The porcupine skin was an artifact straight out of the 19th Century, symbolic of Little Big Horn, Wounded Knee, and the destruction of culture as a fact of human existence. The surrogate father television set with Joseph McCarthy leering through its lens, polluting an Oklahoma City living room with his hatred and disdain, was an artifact of modernism. Thus it was not the machine itself that turned out to be an unforeseen product of Hiroshima, but what it expressed, namely, a fear of communism, symbolized by the giant Soviet Union, and the manifestation of that fear—a United States Senator from Wisconsin. This same technology could, however, with the passage of a few hours, evolve quietly into confirmation that the American family had a bumbling titular husband, a feisty-mouthed red-headed wife, and conspiratorial neighbors. All was well; Lucille Ball cancelled out Joseph McCarthy—at least in our minds. Except in Bernice Locke’s mind that is. The McCarthy hearings were real; I Love Lucy was not; and never, ever, would Bernice’s children be allowed to forget the distinction.
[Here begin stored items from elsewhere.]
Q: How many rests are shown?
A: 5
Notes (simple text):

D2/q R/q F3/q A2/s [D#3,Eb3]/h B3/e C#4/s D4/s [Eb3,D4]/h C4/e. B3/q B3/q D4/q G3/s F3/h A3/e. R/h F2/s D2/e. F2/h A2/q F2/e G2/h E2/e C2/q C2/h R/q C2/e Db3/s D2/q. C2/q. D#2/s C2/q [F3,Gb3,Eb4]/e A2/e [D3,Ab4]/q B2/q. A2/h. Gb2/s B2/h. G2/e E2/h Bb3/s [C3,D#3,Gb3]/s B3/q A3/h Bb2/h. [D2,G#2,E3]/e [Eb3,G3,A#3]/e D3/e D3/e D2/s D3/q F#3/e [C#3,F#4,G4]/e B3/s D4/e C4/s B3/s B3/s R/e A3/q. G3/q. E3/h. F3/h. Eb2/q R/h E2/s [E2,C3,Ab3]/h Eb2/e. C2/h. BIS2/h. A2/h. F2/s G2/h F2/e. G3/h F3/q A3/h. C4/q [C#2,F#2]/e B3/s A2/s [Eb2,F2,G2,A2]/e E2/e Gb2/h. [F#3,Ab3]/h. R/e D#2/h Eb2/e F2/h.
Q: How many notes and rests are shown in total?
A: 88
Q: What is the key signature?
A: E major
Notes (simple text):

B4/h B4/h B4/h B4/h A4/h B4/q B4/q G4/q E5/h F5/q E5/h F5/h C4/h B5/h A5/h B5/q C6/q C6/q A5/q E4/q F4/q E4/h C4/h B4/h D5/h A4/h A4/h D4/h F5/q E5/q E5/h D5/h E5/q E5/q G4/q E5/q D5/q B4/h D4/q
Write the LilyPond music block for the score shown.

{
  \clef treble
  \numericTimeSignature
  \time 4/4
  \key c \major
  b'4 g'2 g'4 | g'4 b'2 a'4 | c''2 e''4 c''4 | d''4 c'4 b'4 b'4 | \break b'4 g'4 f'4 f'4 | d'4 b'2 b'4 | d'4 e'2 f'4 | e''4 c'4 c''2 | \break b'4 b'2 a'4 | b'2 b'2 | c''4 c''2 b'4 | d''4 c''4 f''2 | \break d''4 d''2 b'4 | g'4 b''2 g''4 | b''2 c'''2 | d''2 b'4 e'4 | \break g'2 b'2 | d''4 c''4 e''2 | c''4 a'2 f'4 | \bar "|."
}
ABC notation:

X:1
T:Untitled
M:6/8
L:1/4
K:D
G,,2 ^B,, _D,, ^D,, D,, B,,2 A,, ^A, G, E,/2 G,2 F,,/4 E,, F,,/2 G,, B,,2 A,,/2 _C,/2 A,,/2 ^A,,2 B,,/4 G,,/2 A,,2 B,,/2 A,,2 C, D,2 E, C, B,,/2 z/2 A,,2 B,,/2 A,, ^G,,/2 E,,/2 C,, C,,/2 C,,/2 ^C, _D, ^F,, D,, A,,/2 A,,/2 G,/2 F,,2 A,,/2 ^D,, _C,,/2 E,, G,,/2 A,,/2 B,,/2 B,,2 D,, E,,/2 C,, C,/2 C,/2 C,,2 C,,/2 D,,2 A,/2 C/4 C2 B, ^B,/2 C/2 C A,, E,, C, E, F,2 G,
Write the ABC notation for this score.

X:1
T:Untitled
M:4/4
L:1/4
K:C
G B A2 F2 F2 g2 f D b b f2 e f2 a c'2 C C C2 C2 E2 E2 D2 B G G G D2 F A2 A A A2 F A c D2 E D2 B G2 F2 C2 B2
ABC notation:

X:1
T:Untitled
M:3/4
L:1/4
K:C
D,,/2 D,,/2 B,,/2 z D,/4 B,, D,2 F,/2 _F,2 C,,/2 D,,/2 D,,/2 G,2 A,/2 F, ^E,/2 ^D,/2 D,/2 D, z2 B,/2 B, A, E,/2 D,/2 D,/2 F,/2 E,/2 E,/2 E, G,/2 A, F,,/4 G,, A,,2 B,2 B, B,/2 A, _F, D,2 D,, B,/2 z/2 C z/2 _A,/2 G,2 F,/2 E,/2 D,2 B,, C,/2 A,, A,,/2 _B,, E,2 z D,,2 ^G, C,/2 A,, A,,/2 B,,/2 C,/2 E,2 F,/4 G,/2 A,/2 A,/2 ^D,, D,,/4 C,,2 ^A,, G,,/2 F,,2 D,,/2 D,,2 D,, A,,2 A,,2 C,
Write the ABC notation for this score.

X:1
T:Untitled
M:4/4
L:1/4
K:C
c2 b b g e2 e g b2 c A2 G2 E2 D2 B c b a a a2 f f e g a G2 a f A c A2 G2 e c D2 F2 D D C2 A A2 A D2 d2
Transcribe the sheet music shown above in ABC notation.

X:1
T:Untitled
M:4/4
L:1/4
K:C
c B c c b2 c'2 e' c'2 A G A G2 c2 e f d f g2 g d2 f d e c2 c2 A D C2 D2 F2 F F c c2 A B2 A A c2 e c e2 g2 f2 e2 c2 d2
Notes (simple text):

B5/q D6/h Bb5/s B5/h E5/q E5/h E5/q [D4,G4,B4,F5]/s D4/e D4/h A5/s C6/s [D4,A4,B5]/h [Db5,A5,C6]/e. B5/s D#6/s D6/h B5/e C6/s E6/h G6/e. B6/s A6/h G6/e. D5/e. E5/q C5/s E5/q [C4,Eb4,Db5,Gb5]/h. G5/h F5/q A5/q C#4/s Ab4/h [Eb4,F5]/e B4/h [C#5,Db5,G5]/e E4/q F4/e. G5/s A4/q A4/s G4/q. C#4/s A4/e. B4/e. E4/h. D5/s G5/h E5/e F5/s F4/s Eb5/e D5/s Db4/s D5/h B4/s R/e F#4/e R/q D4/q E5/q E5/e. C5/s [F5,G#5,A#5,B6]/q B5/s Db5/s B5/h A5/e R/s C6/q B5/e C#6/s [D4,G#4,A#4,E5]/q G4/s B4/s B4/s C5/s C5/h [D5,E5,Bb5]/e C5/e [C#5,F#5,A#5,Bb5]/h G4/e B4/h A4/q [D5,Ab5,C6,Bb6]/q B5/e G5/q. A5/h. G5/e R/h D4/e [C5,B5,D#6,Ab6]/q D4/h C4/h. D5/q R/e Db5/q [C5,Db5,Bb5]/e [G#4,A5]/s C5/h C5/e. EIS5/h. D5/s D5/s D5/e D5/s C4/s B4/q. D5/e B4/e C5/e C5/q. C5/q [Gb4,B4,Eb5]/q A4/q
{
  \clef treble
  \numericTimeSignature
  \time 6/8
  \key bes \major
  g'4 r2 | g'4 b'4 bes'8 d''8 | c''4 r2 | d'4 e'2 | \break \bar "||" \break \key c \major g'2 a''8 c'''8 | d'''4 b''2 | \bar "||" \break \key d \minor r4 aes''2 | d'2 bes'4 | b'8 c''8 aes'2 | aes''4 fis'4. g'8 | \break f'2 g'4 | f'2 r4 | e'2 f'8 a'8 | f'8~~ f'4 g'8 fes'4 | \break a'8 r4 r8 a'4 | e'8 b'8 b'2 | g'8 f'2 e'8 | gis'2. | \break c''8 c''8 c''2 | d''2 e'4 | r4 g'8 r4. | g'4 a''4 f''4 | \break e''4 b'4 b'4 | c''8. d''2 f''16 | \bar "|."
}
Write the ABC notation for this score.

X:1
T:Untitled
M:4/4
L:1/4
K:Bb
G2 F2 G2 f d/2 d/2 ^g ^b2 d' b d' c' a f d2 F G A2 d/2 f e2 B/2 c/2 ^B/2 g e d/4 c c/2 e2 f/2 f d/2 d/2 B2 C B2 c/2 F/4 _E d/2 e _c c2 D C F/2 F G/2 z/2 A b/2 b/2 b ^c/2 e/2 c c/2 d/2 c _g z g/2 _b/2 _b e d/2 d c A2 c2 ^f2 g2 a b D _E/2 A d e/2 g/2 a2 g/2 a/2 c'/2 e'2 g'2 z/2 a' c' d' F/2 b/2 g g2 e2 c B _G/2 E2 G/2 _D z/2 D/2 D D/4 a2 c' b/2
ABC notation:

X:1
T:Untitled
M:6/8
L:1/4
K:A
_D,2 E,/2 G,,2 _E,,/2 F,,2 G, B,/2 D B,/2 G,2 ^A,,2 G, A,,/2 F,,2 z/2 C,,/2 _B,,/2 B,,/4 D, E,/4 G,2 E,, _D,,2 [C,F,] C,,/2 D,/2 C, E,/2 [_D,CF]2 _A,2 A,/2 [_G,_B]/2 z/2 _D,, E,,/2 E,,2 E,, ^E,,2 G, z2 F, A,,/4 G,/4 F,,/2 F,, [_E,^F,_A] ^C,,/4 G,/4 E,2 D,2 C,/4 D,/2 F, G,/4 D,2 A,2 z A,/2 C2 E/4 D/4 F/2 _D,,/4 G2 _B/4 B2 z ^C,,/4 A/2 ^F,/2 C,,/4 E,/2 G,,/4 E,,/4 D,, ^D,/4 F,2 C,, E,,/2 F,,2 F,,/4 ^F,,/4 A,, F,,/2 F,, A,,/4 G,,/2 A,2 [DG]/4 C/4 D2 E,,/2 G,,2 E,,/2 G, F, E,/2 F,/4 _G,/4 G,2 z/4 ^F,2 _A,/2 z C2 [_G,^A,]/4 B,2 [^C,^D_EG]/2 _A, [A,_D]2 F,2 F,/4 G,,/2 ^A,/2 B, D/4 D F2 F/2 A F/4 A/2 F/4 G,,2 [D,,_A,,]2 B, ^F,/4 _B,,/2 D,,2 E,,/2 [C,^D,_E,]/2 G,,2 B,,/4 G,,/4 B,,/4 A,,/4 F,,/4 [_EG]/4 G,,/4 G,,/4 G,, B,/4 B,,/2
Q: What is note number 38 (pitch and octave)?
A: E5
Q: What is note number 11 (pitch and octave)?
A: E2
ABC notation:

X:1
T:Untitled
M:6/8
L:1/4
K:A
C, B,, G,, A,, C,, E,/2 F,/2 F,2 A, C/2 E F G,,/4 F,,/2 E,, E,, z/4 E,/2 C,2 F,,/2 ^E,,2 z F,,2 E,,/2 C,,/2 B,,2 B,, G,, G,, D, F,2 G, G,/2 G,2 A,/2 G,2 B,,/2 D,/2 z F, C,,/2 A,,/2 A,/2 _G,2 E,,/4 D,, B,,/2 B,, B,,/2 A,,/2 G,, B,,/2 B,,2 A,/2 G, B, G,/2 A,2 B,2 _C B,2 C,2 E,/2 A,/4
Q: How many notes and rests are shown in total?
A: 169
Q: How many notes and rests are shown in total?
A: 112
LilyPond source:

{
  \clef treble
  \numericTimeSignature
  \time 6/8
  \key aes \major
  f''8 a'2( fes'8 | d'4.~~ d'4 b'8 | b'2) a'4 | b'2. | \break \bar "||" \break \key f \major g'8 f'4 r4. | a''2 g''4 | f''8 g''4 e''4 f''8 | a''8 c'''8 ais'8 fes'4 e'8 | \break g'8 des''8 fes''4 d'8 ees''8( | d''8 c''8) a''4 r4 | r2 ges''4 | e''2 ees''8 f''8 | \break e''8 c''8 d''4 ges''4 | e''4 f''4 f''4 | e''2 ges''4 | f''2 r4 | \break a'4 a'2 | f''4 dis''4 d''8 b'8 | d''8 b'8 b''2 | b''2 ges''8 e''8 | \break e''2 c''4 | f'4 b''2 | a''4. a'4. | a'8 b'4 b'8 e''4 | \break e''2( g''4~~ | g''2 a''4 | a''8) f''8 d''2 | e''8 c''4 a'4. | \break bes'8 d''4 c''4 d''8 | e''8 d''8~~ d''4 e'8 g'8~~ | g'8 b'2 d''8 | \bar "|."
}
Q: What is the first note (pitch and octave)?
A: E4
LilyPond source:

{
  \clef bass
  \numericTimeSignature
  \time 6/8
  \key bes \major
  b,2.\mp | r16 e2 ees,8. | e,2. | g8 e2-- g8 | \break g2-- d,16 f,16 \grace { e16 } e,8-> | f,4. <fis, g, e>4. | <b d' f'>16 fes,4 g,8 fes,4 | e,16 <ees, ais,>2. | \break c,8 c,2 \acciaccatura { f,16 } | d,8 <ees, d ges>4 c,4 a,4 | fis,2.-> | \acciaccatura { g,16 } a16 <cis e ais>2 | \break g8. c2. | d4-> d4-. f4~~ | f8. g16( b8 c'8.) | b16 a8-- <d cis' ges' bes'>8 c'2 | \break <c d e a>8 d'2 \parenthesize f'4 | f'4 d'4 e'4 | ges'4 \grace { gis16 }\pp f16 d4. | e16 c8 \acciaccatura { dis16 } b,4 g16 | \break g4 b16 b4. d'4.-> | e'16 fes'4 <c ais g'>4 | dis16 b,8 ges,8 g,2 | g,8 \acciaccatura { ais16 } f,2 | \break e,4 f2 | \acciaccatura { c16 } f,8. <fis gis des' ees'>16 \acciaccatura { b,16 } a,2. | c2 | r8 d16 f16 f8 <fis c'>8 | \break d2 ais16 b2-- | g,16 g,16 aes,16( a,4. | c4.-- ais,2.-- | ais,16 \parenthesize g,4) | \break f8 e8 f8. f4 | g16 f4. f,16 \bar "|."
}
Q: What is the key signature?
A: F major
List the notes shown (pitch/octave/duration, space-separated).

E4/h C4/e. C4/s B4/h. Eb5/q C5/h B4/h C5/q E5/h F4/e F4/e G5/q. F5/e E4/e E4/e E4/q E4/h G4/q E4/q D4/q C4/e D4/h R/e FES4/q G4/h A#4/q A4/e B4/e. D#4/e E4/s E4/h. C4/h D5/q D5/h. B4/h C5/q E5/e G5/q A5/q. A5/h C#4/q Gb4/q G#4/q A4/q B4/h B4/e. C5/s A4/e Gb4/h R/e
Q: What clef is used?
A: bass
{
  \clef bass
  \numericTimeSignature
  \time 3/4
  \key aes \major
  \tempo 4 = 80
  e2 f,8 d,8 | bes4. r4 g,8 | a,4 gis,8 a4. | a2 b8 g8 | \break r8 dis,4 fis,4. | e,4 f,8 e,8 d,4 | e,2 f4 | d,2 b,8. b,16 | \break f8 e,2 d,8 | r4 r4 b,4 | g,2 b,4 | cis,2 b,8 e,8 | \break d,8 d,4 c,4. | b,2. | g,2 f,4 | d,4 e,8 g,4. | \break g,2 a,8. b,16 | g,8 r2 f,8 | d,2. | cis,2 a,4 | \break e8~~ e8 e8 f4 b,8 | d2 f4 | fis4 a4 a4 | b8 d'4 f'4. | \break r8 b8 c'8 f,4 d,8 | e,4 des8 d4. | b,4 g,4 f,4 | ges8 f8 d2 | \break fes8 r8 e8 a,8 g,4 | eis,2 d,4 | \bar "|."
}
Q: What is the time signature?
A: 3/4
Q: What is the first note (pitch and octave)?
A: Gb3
The only other obvious and immediate multicultural result of my father’s winter in Bismarck was some vocabulary, for example, “head bolt heater,” a term that he used with a certain amount of amazement, perhaps more for the idea than for the resulting technology. A head bolt heater was a cylinder head bolt designed as a heating element and plugged into a wall socket in your garage; an automobile engine thus warmed would start when it was minus 30oF outside. The fact that its name entered our family lexicon was not deemed strange in any way. We learned the language of men looking for oil by listening to John’s long distance phone calls. All of the oil field words and grammar, all of the language of petroleum geologists discussing, late at night over a long distance connection, what to do about a hole into which money is draining at an alarming rate, and all the catch phrases involved in negotiating a lease also came into our home by way of my father’s work.